Thank you for your advice! I actually have been filming lots of nature videos recently so I kinda want to combine them with the music. So relaxing nature scenes+ambient music. It's just I have been searching on YT and seems like there are already so many other channels out there that are doing the same.


----------



## dhmusic (Jun 17, 2021)

Yo Ashley123!

I can't offer practical advise yet but I'll be a co-subscriber/supporter if you're looking for some grassroots networking!

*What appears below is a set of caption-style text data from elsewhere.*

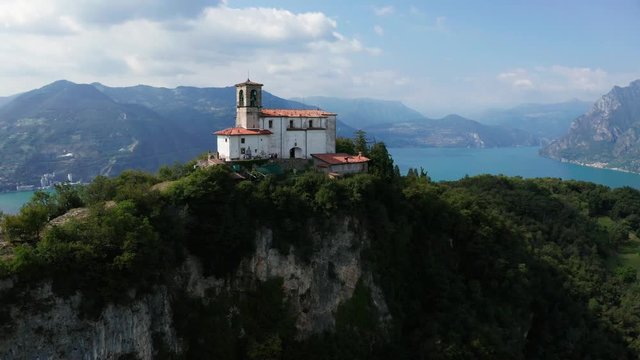 Aerial 4K - Lago D'Iseo (IT) - Monte Isola - vista della Chiesa della Madonna della Ceriola 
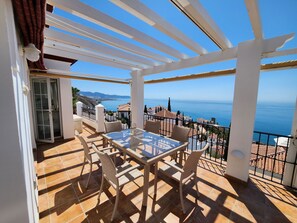 Varanda com mesa de vidro e cadeiras de vime, com vista para a costa, casas e o mar.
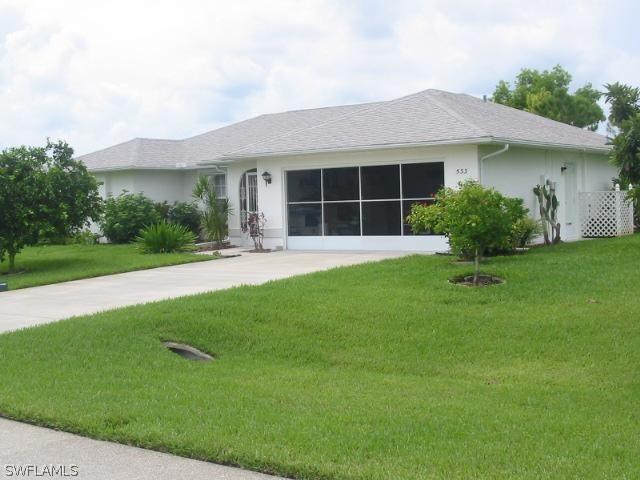 533 Whispering Wind Bend, Lehigh Acres, FL 33974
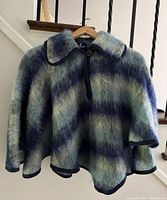 Front view of the vintage Fraser Cameron mohair wool cape showing dark teal and purple striped fuzzy fabric, large collar, and black trim edges.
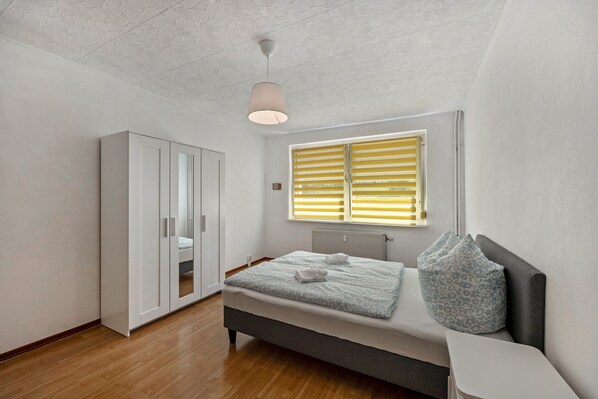 Une chambre Ă coucher comprenant un lit, une armoire, un radiateur et une fenĂŞtre avec des stores.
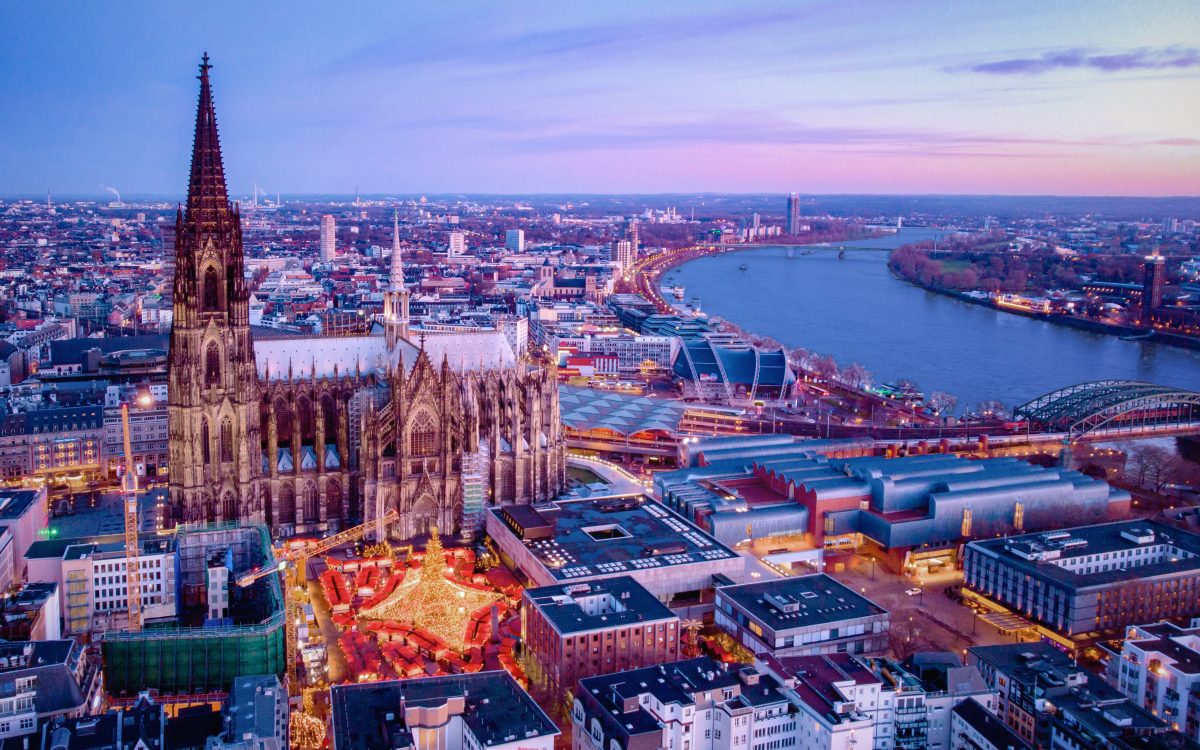 Aerial view of Cologne at dusk: the towering Cologne Cathedral with a glowing Christmas market in the foreground and the Rhine River to the right.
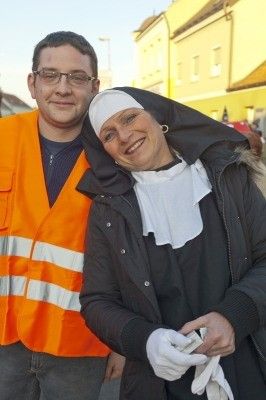 Ein Mann in einer orangefarbenen Sicherheitsweste und eine Frau, die als Nonne gekleidet ist, stehen lächelnd für ein Foto auf einer Stadtstraße.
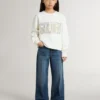 Sudadera blanca para niñas con letras doradas multicolores en el frente
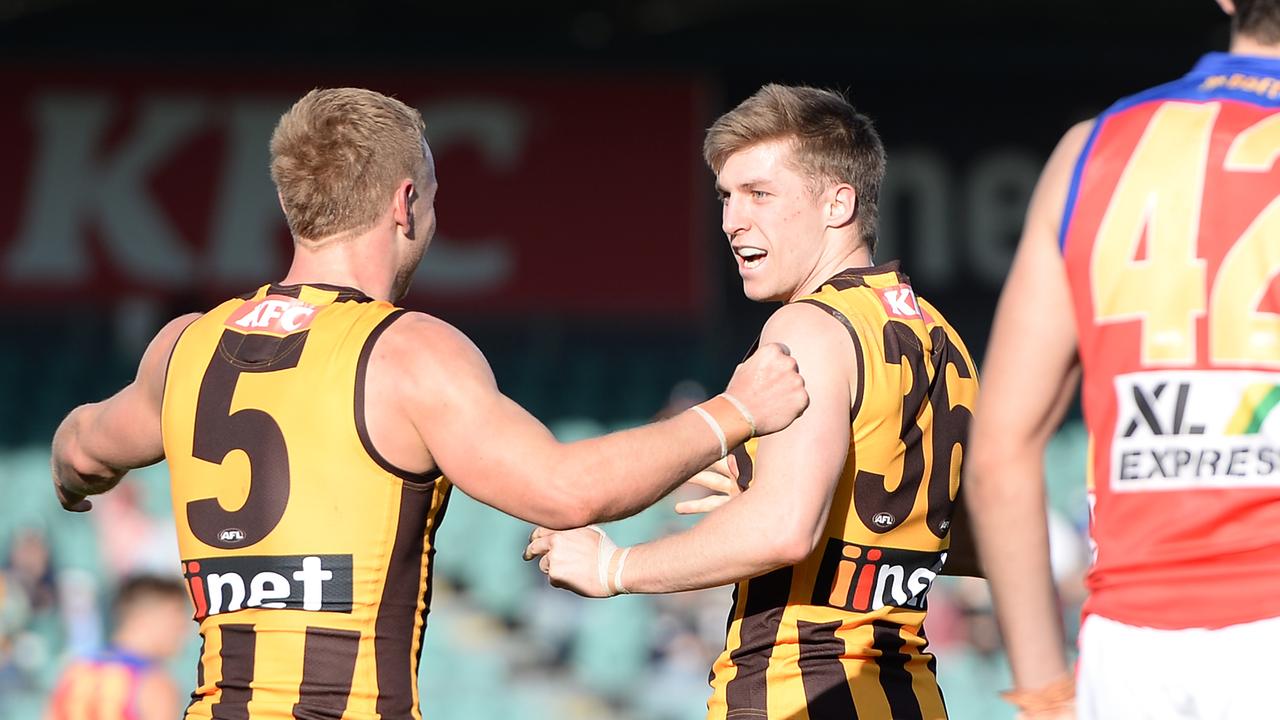 James Worpel and Dylan Moore celebrate a Hawthorn goal.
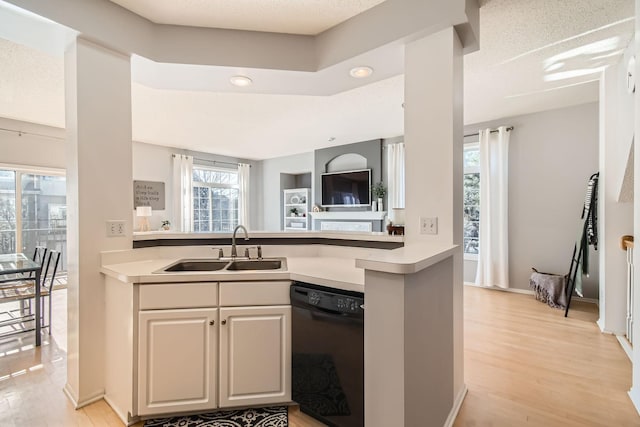kitchen featuring a sink, light countertops, light wood finished floors, open floor plan, and black dishwasher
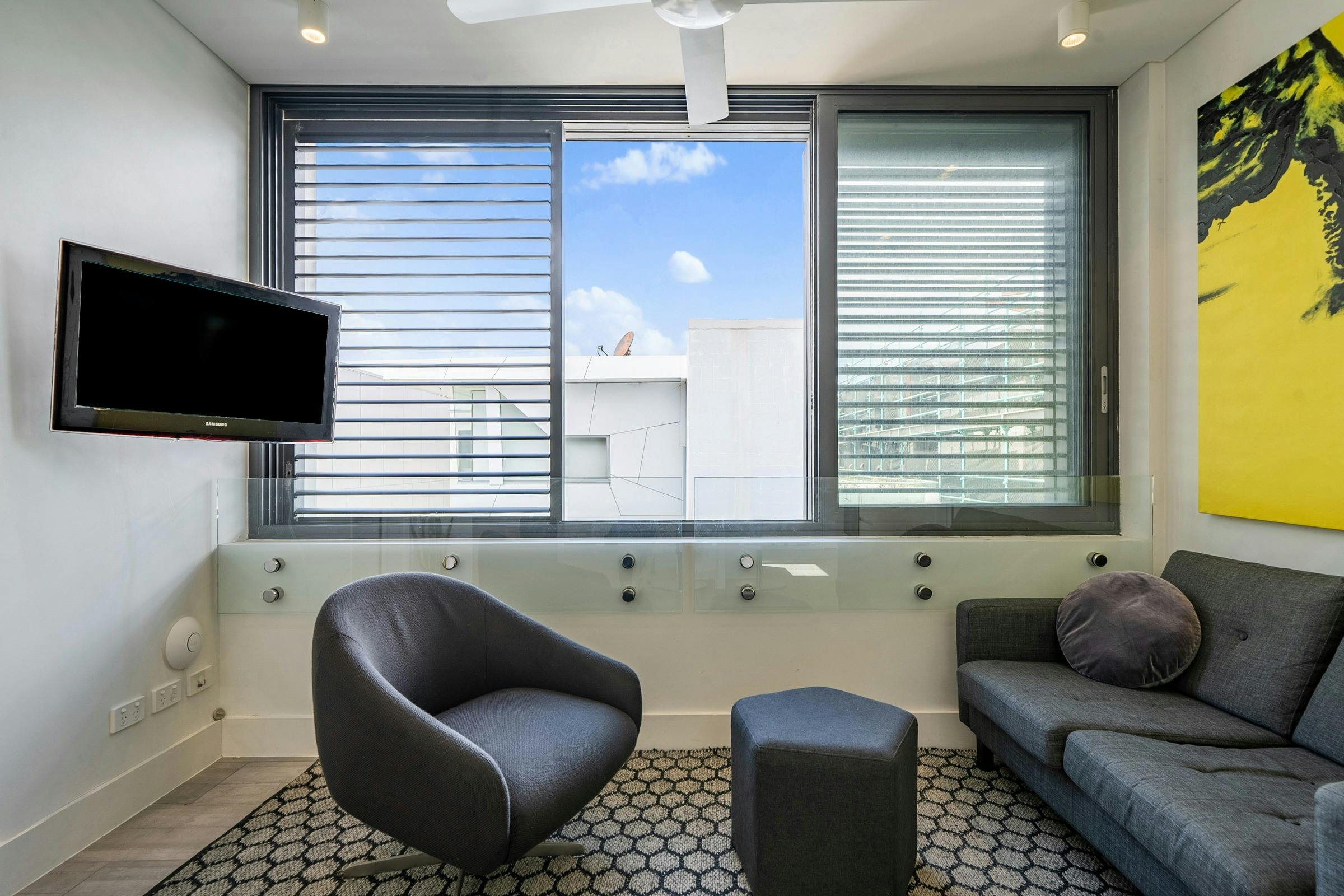 Bright and spacious living area with a modern kitchen and relaxed seating.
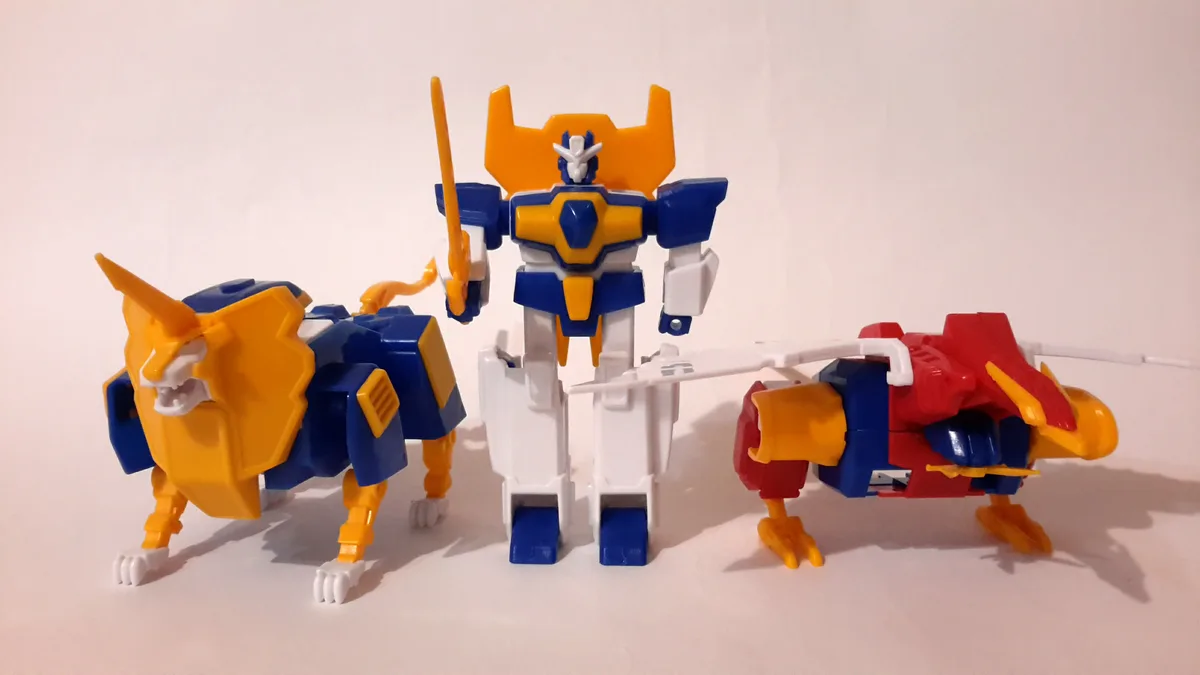 Three plastic toy robots stand side-by-side against a plain white background. The central robot is humanoid, holding a…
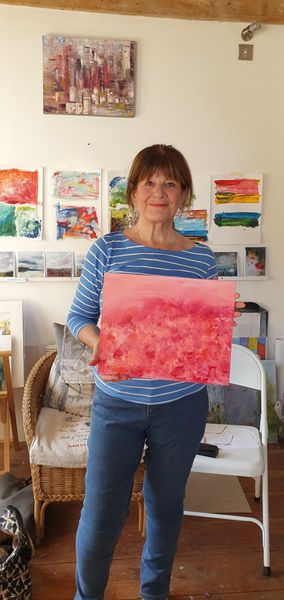 This is Mary holding her finished painting an abstract in oil on canvas board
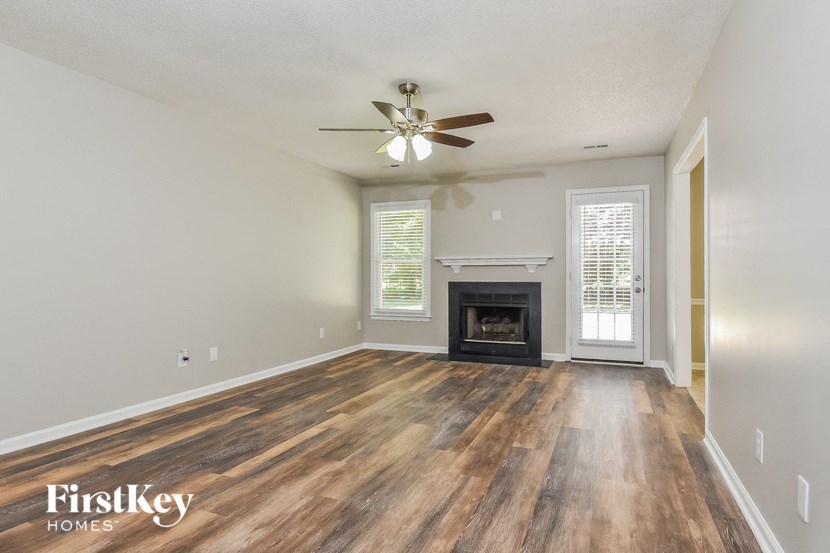 the living room with wood flooring and a fireplace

I'm in the same boat - literally just made mine haha. Figuring out that whole void 1 day at a time. I'm leaning towards a VGM arrangement/cover channel (a totally unique super cool one lol). Your idea sounds sweet, I can't wait to hear some tunes.

Douglas


----------



## dhmusic (Jun 17, 2021)

Ashley123 said:


> It's just I have been searching on YT and seems like there are already so many other channels out there that are doing the same


It took me two months to hit that little "create channel" button for the same reason. Just do it and figure out what to do next AFTER you've started treading water lol


----------



## Daniel Wilson Compos (Jun 17, 2021)

Ashley123 said:


> Thank you for your advice! I actually have been filming lots of nature videos recently so I kinda want to combine them with the music. So relaxing nature scenes+ambient music. It's just I have been searching on YT and seems like there are already so many other channels out there that are doing the same.


That's the name of the game, though. Look at other genres of Youtube and see just how many people are doing it. The thing is, it's not about an original idea. People have been posting their music to Youtube for a while. But I know for myself, I like to watch different people do the same genre because they each add something to it that I like.

I myself have a music channel where I just post my creations, but I'm planning on filming more Guy Michelmore type videos even though there is an abundance of similar videos because I think I can offer up something that they can't even if it's a similar concept.


----------



## Ashley123 (Jun 17, 2021)

dhmusic said:


> Yo Ashley123!
> 
> I can't offer practical advise yet but I'll be a co-subscriber/supporter if you're looking for some grassroots networking!
> 
> ...


sounds good! Thx! I will share the link to my first video once I make it and you can share yours!


----------



## Ashley123 (Jun 17, 2021)

Daniel Wilson Compos said:


> That's the name of the game, though. Look at other genres of Youtube and see just how many people are doing it. The thing is, it's not about an original idea. People have been posting their music to Youtube for a while. But I know for myself, I like to watch different people do the same genre because they each add something to it that I like.
> 
> I myself have a music channel where I just post my creations, but I'm planning on filming more Guy Michelmore type videos even though there is an abundance of similar videos because I think I can offer up something that they can't even if it's a similar concept.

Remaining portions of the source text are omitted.